Total N. American rail traffic last week leaped to the highest levels in the 5 years I began tracking the series here. At 733k carloads it passed the previous highs despite both oil/chemical shipments and coal shipments falling slightly. Strength was seen in intermodal, auto, metals and stone products. The metal and stone product categories sit at or just below multi year record levels. Think retailers beginning to stock shelves for xmas season and construction beginning to pick up when absorbing the increases. As for the carriers, $BNI and $CNI saw their traffic also reach the highest level since I began tracking the series.
This is an extremely encouraging rail report. Now, the one caution I would urge is that this is the first reporting week post Labor Day so we always see a rebound in traffic.
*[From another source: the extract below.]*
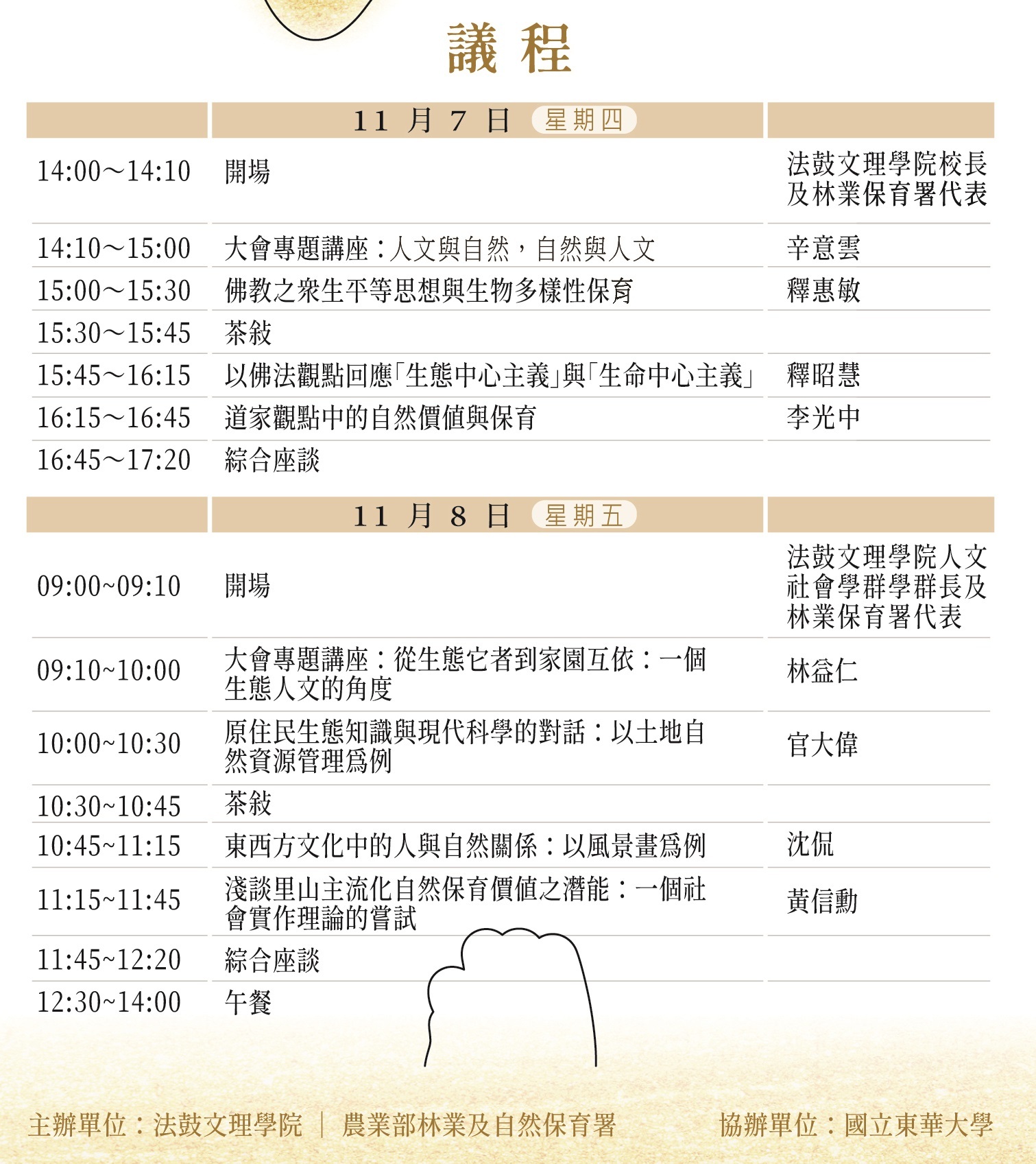 ​法鼓文理學院人文社會學群、農業部林業及自然保育署、國立東華大學自然資源與環境學系共同籌辦「2024自然的價值與保育：重探天地人關係研討會」活動圖片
BUT, the size and degree of the rebound is not something we have seen in the last several years. It will bear watching this week to see if this is just pull forward or something else. Now, typically rail traffic will rise slightly or flatten over the next 3-4 weeks and then begin a gradual decline through the end of the year. That is the historic pattern so anything that happens will be measured against that pattern.
Here is the coal/oil ($USO) ($KOL)comp chart:
If we go back both YOY and to the previous high overall level, we’ll find that the oil/coal combination is essentially flat so that tells us even more affirmatively that the rail traffic growth is organic growth in the US economy, not some structural energy shift that is goosing #’s.